Он спешил. Он покинул детей Мамонта едва ли не сразу после своего возвращения от Инельги: уже стояла поздняя весна, а ему нужно было поспеть к логову Дада до Осеннего Перелома. Аймик знал: Черный попытается посвятить его сына Предвечной Тьме в первую же безлунную ночь после того, как Небесный Олень начнет сокращать свой бег по Лазурным Полям, уступая время Небесной Охотнице. Путь неблизок и труден даже для легких ног. Но, как бы то ни было, он должен успеть, и он успеет. Благо Древняя Клятва подтверждена, и от людей опасности нет. А со зверем он и сам справится, – если, конечно, Могучие пожелают послать Вестнику такое испытание. Но Аймик и став Вестником знал не все.

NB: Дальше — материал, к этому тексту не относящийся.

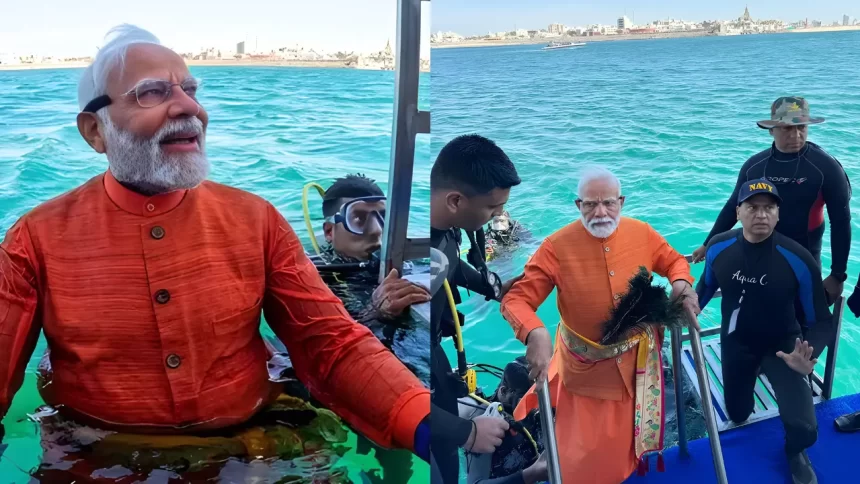 modi-immersed-in-water-dwarka-installs-peacock-feather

На земле детей Пегой Кобылы, в небольшом овражке, находящемся поодаль от стойбища и в стороне от охотничьих троп, разговаривали пятеро мужчин. Четверо носили на лицах и на теле родовые знаки сыновей Бизона, живущих на востоке, в предгорьях. Пятый был местным: охотником Рода Пегой Кобылы. Шестой мужчина, тоже пришедший с востока, в беседе участия не принимал. Он лежал в укрытии на краю оврага и смотрел по сторонам. Место безлюдное, обычно люди здесь не бывают, но нужно исключить всякую случайность. Никто, ни одна живая душа, ни мужчина, ни женщина, ни ребенок не должны случайно услышать то, о чем говорят внизу. Да и видеть их вместе негоже.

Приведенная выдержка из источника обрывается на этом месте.